**Prompt**:
Begin at the line containing "Evelyn Bobbie Wireless" in the data below and go on through the line containing "Romanshorn, Schweiz - 20.", repeating each line exactly; include both ends and no other line.
** Opening Supplied material block **
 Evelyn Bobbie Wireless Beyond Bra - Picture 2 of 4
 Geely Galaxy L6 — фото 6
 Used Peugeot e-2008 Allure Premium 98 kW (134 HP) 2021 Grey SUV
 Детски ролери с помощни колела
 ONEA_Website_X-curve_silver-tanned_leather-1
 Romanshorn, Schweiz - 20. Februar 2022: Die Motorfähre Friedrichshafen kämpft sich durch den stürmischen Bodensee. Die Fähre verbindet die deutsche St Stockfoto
** Closing Supplied material block **
** Opening Supplied material block **
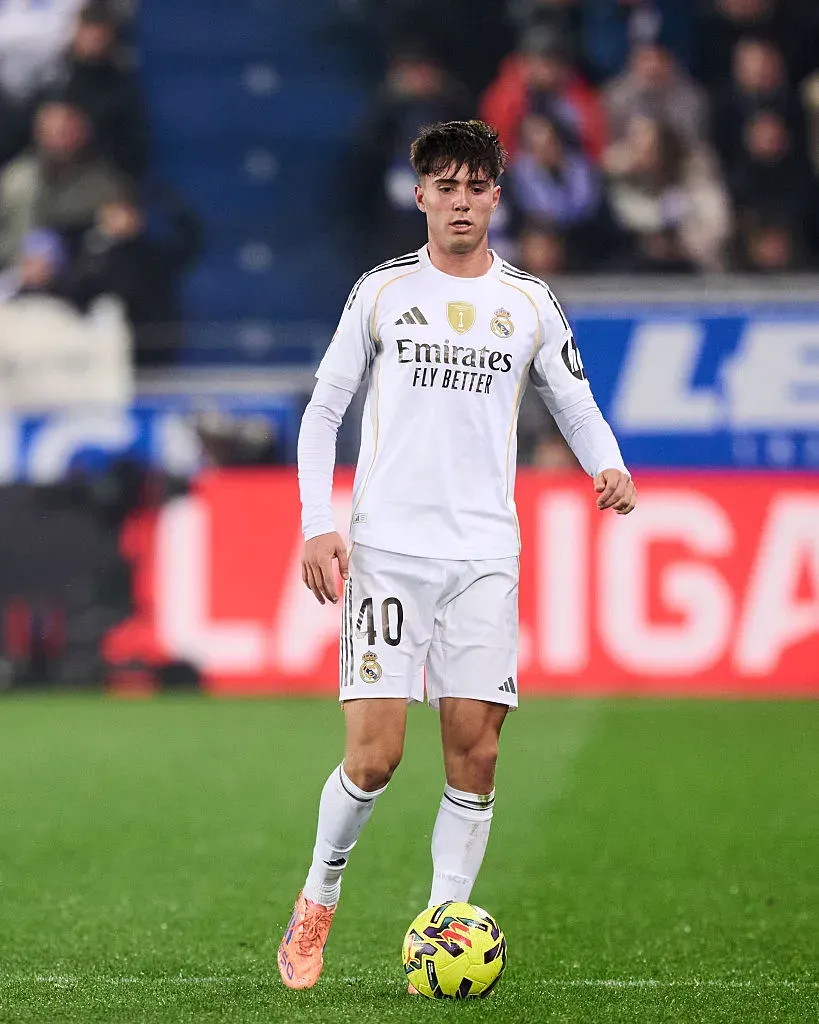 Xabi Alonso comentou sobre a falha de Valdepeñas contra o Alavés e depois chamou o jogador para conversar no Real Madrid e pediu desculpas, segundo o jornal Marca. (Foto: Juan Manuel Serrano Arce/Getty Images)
** Closing Supplied material block **
**Task result**:
 Evelyn Bobbie Wireless Beyond Bra - Picture 2 of 4
 Geely Galaxy L6 — фото 6
 Used Peugeot e-2008 Allure Premium 98 kW (134 HP) 2021 Grey SUV
 Детски ролери с помощни колела
 ONEA_Website_X-curve_silver-tanned_leather-1
 Romanshorn, Schweiz - 20. Februar 2022: Die Motorfähre Friedrichshafen kämpft sich durch den stürmischen Bodensee. Die Fähre verbindet die deutsche St Stockfoto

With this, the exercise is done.